ABOUT THIS EXERCISE:
Would you please set down, word for word, the lines from the one with "Let's take a" through the final line of the data below, omitting any pictures?

MATERIAL PROVIDED:

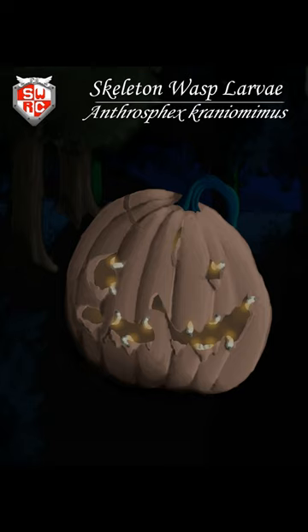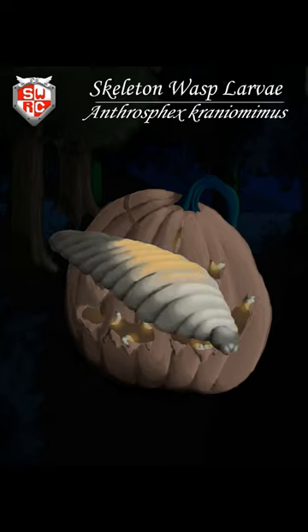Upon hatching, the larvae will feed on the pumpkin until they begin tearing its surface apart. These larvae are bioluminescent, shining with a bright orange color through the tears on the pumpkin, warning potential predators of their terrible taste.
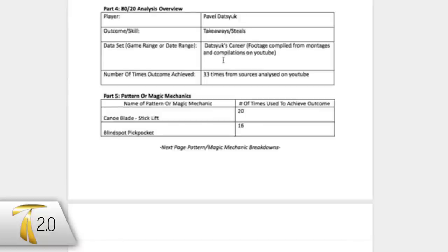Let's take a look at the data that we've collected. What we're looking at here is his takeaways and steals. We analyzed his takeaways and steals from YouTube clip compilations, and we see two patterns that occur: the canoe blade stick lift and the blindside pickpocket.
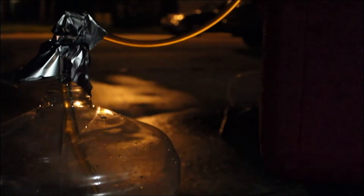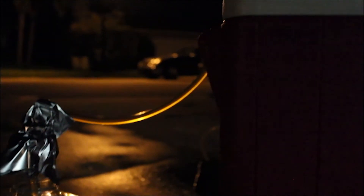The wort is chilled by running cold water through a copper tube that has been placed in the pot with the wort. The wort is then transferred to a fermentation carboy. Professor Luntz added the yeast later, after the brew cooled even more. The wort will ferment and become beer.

EXPECTED ANSWER:
Let's take a look at the data that we've collected. What we're looking at here is his takeaways and steals. We analyzed his takeaways and steals from YouTube clip compilations, and we see two patterns that occur: the canoe blade stick lift and the blindside pickpocket.
The wort is chilled by running cold water through a copper tube that has been placed in the pot with the wort. The wort is then transferred to a fermentation carboy. Professor Luntz added the yeast later, after the brew cooled even more. The wort will ferment and become beer.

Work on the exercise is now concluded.